▶ **Exercise directions**:
In the listing below, locate the line with "moc dexa osteoporosi" and the line with "Nathan Burns Acupuncture", then output both and everything between them exactly, minus any pictures.

▶ **Dataset records**:

↓

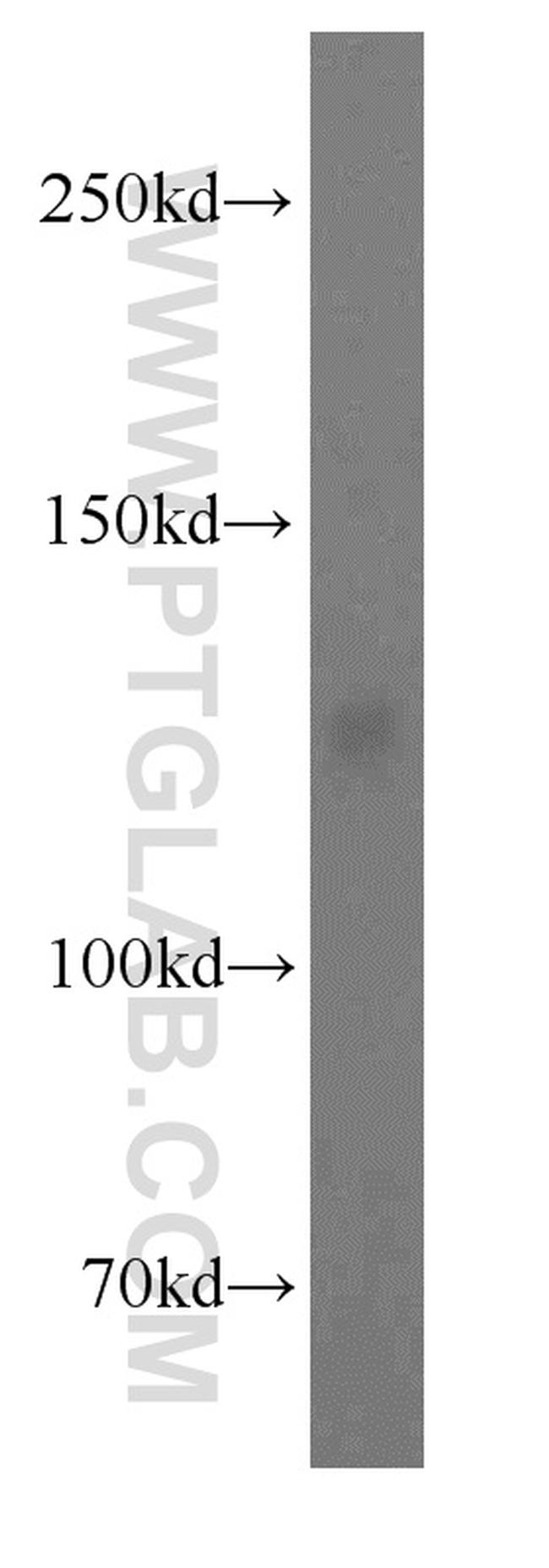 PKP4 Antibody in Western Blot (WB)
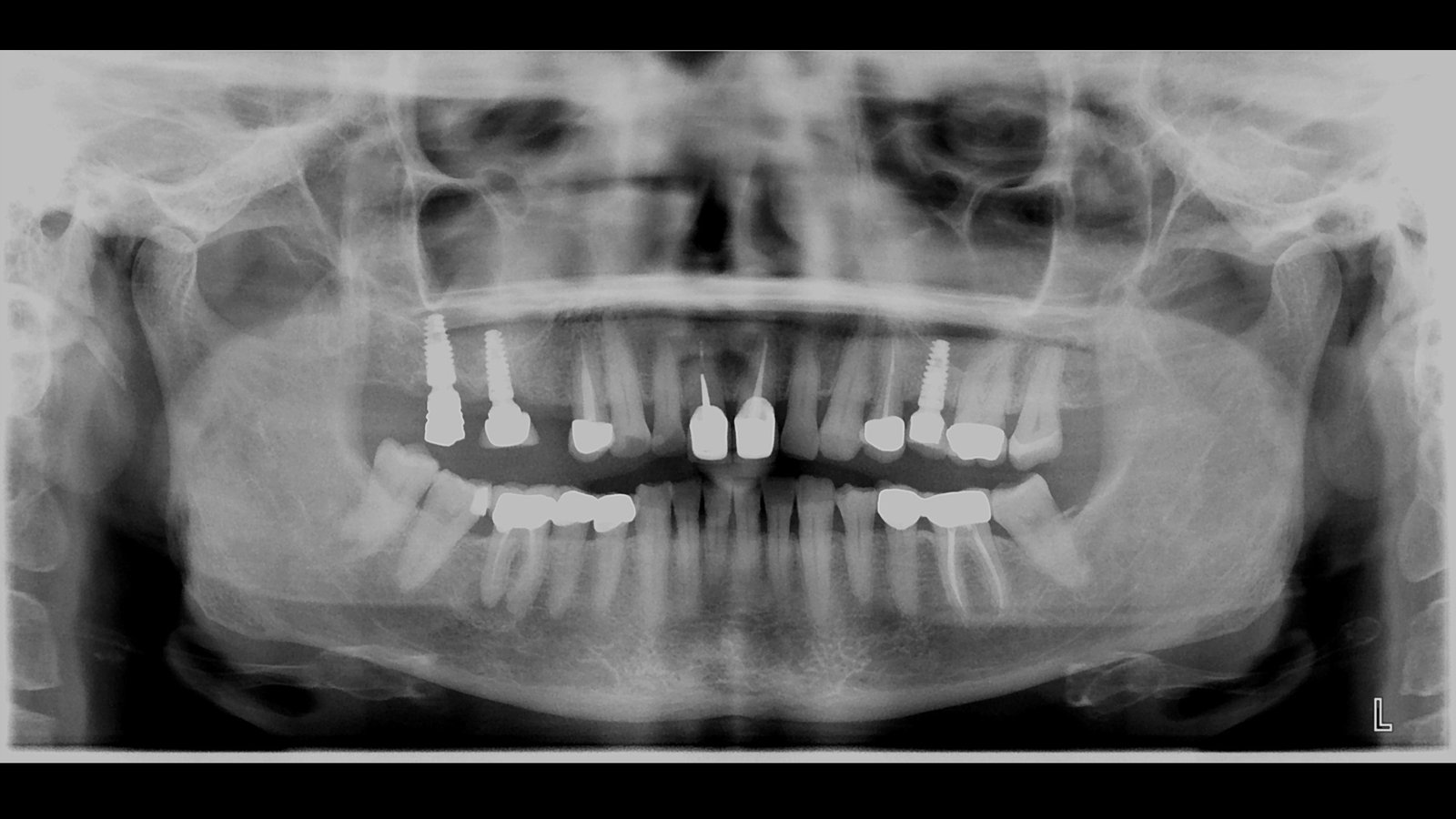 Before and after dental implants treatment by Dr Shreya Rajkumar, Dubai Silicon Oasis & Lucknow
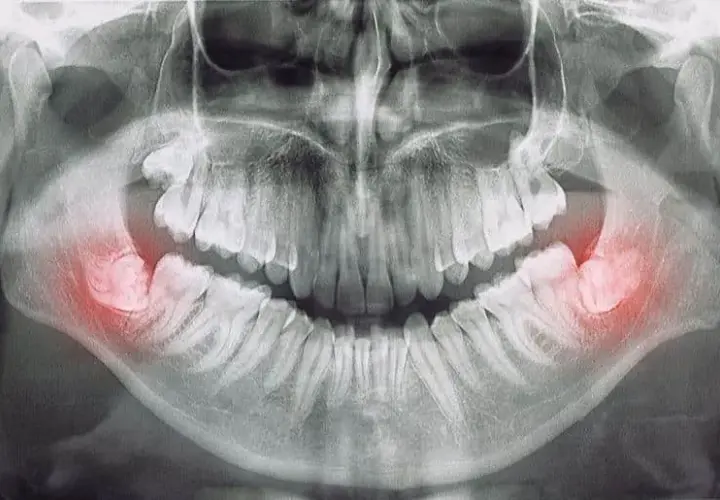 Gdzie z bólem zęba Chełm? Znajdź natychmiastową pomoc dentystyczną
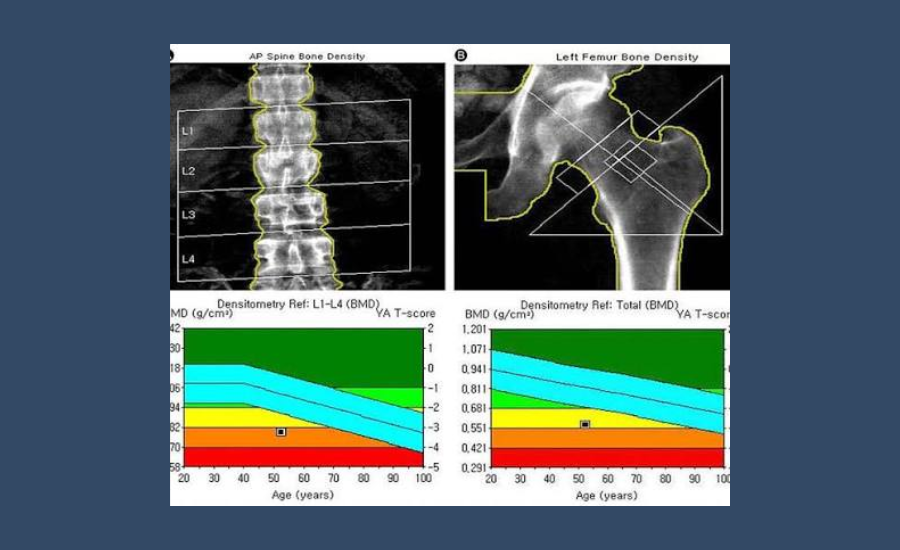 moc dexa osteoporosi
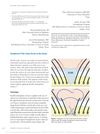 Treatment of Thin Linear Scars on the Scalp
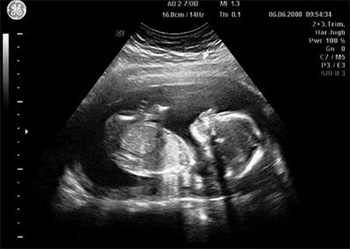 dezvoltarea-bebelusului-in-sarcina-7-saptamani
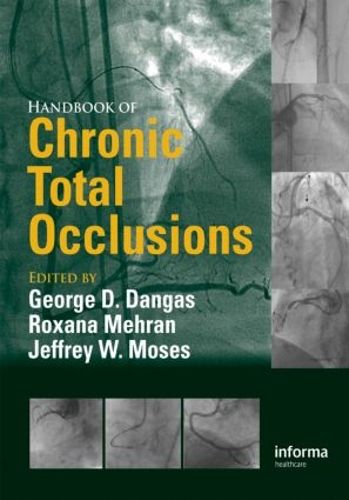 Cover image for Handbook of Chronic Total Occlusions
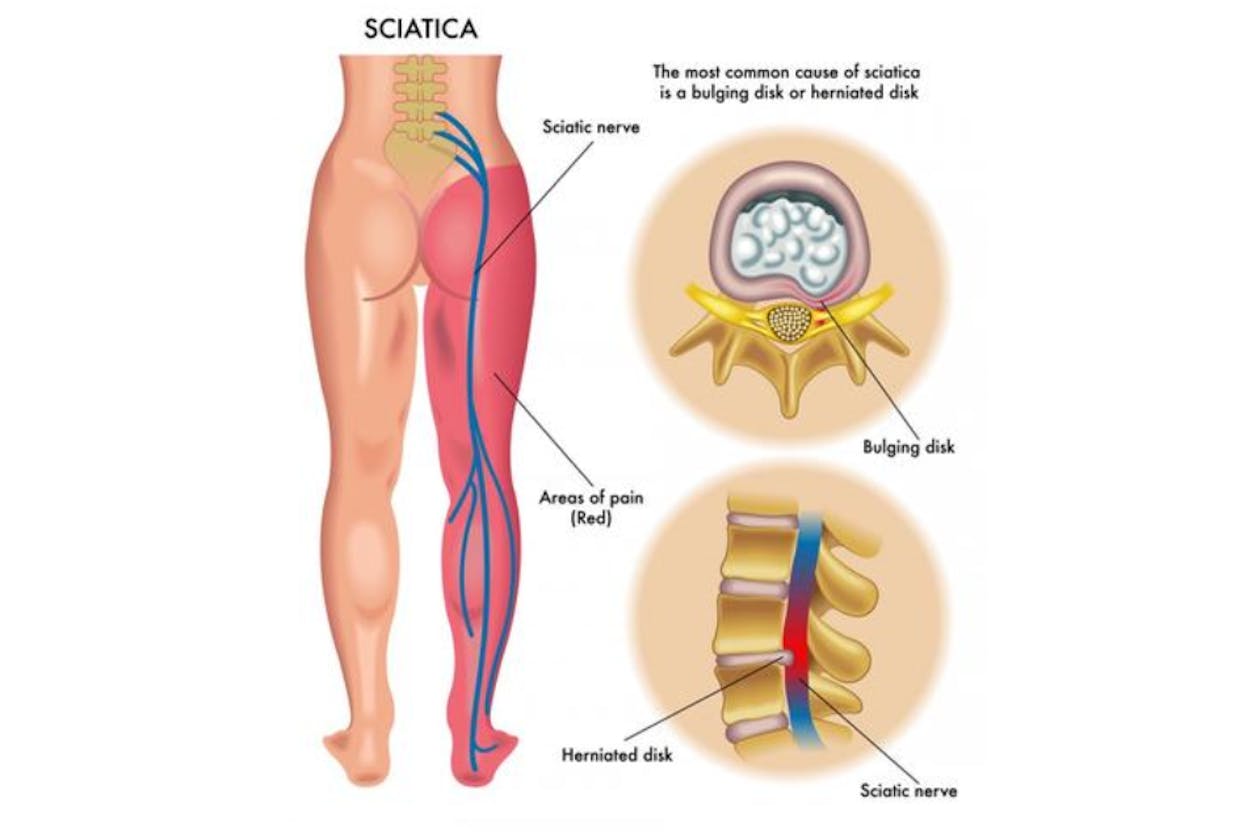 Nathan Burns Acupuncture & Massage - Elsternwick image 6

↑
↓

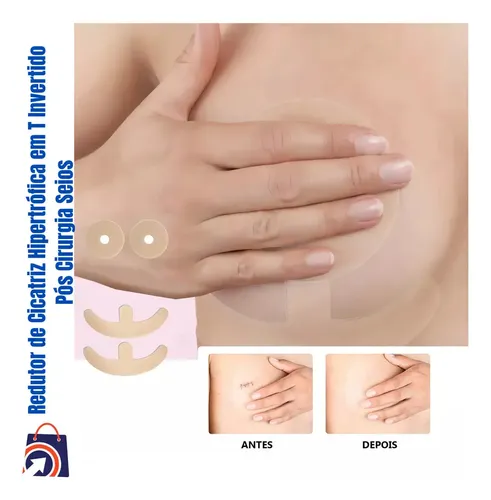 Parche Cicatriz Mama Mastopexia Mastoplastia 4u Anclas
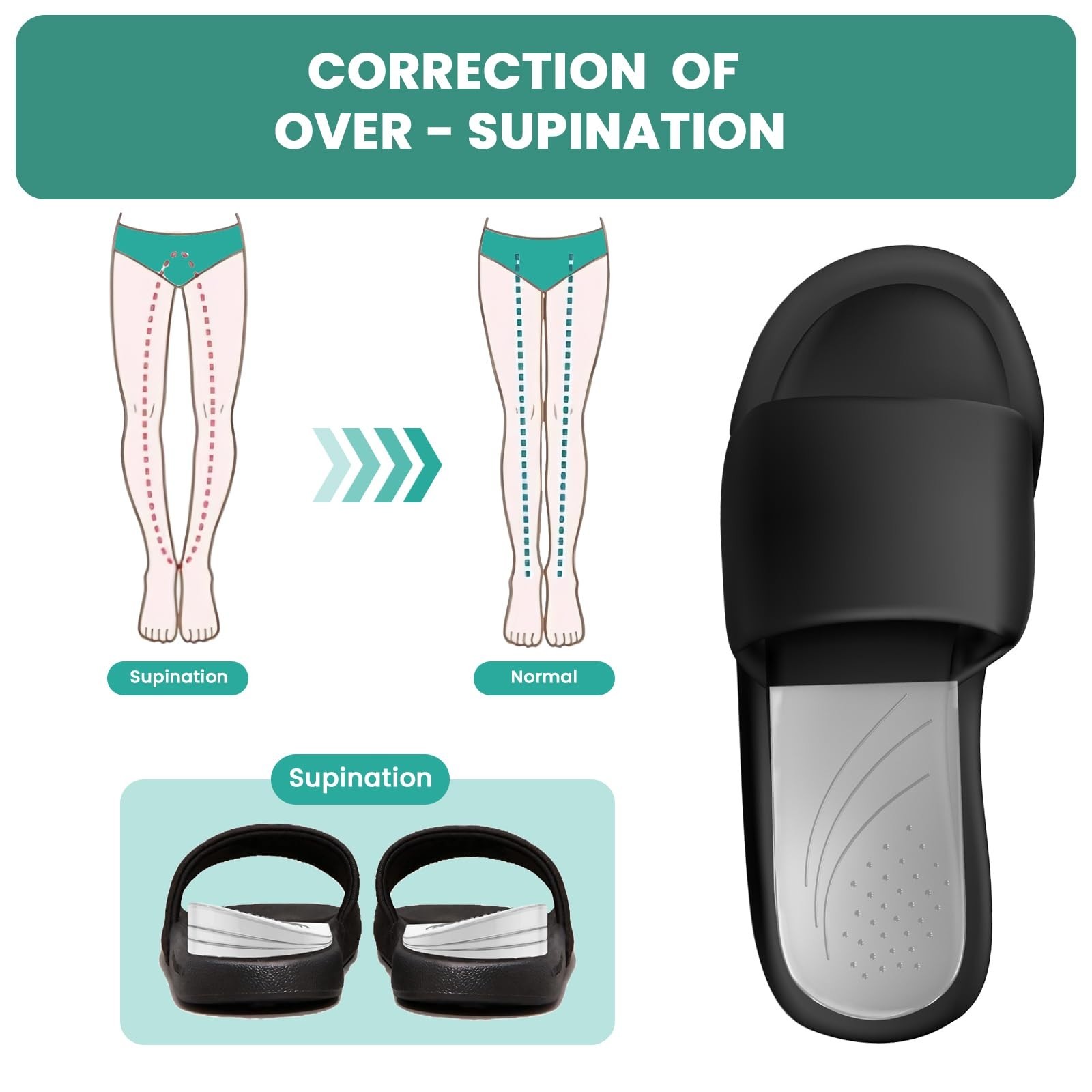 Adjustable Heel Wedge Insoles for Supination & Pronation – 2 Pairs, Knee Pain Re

↑

▶ **Task result**:
 moc dexa osteoporosi
 Treatment of Thin Linear Scars on the Scalp
 dezvoltarea-bebelusului-in-sarcina-7-saptamani
 Cover image for Handbook of Chronic Total Occlusions
 Nathan Burns Acupuncture & Massage - Elsternwick image 6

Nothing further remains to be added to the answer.